With the Ludlow jungle cat, an ABC from 1989 (Dr Karl Shuker)

I recently received on Facebook a most interesting enquiry from fellow mystery cat investigator Stuart Paterson. Stuart was interested in discovering where and when the term 'alien big cat' and its acronym 'ABC' had first appeared in print.

Keen to track down the answer to this very thought-provoking query, and mindful that they have long been standard usage in Fortean Times, Britain's pre-eminent anomalies journal, I duly conducted some bibliographical research, and this is what I discovered.

Being fortunate enough to own a complete run of Fortean Times, I trawled through every issue starting from #1 (published in November 1973, when it was entitled The News), and I found that the first time that either of these phrases appeared in it was in issue #44 (summer 1985), p. 28. In an article by editor Bob Rickard entitled 'Once More With Felines', reviewing recent mystery cat reports in Britain, the opening section of the first line read as follows: "Our last round-up of alien big-cats (ABC) - we have decided to adopt this acronym - was in FT 42...".

Although previous issues of FT contained numerous accounts of feline cryptids, they had only ever been referred to variously as 'mystery cats', 'phantom felines', 'phantom panthers', 'MAs' (Mystery Animals), or by location-specific terms such as 'Exmoor Beast', 'Surrey Puma', etc.

However, back in 1980, Janet and Colin Bord had referred to 'alien big cats' several times in the mystery cat chapter of their book Alien Animals, though they never abbreviated this term to 'ABC' in it.

I have also scoured through a number of additional books as well as articles from other magazines published during the late 1970s, but I have not uncovered any usage of 'alien big cat' pre-dating that of the Bords in their book. Thus it would appear that they coined this now-iconic phrase, as an offshoot of the 'alien' tag that they also attached to various other terms in their book, and that FT shortened it to 'ABC' five years later in their summer 1985 issue.

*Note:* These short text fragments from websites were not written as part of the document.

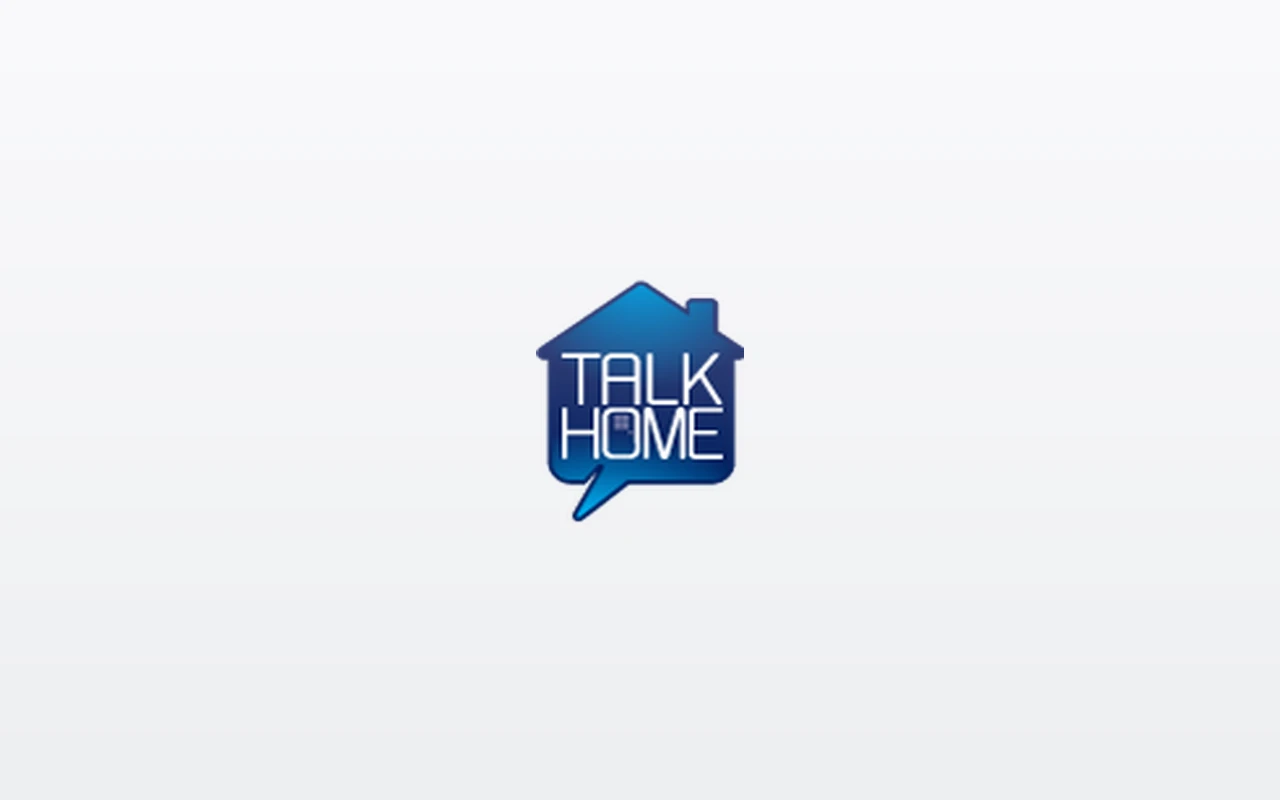 Talk Home Mobile Gift Card 10 GBP - Key - UNITED KINGDOM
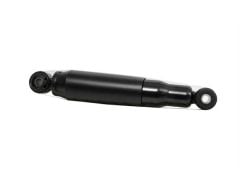 Fiat Doblo 2001 - 2009 Rear Shock Absorber Qty Imported 51738252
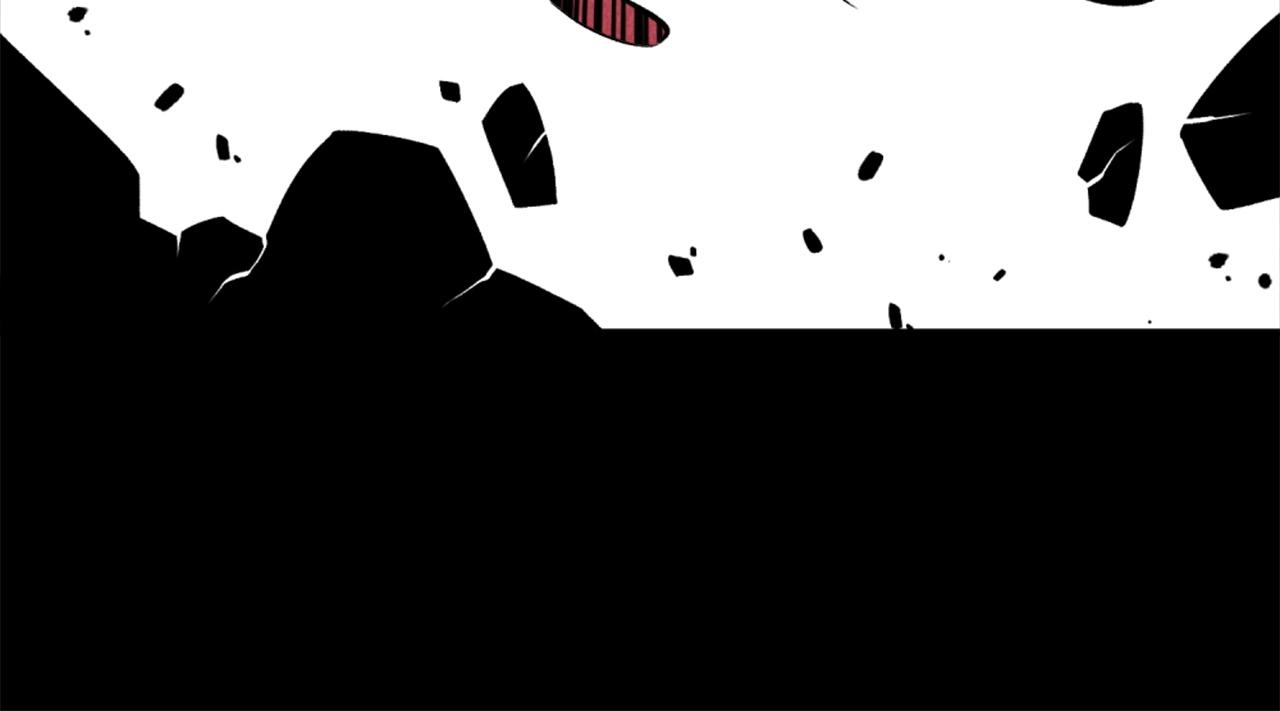 第74话112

  1. Thanks for the mention Karl. You've certainly got the resources to have cracked this one & for that I'm appreciative. If I come across anything else, I'll let you know, though I doubt I will. You don't suppose it's something Charles Fort may have come up with in one of his earlier writings do you?

  2. No problem, Stuart - and thanks for stirring my interest in this! No, I know Fort's writings well, and I can't recall his using these terms anywhere. I'm sure that it stemmed from the Bords' usage of the 'alien' tag throughout their Alien Zoo book, including their cat chapter, where 'alien big cats' appears several times.

  3. Looks like we have a winner. And it's always nice to see the Bords get a mention - in this case it's a definite plaudit - as I'm sure plenty of us are grateful to them & their work for adding to & encouraging our interest in various things strange & hidden.

  4. Absolutely - Alien Zoo was the first book I read that explored mystery animals from a Fortean standpoint rather than a wholly cryptozoological one.

  5. I do of course mean Alien Animals, NOT Alien Zoo! lol

  6. Laurence Crossen9 January 2012 at 19:21

    Latest news bulletin:
    A giant Galapagos tortoise believed extinct for 150 years probably still exists, say scientists.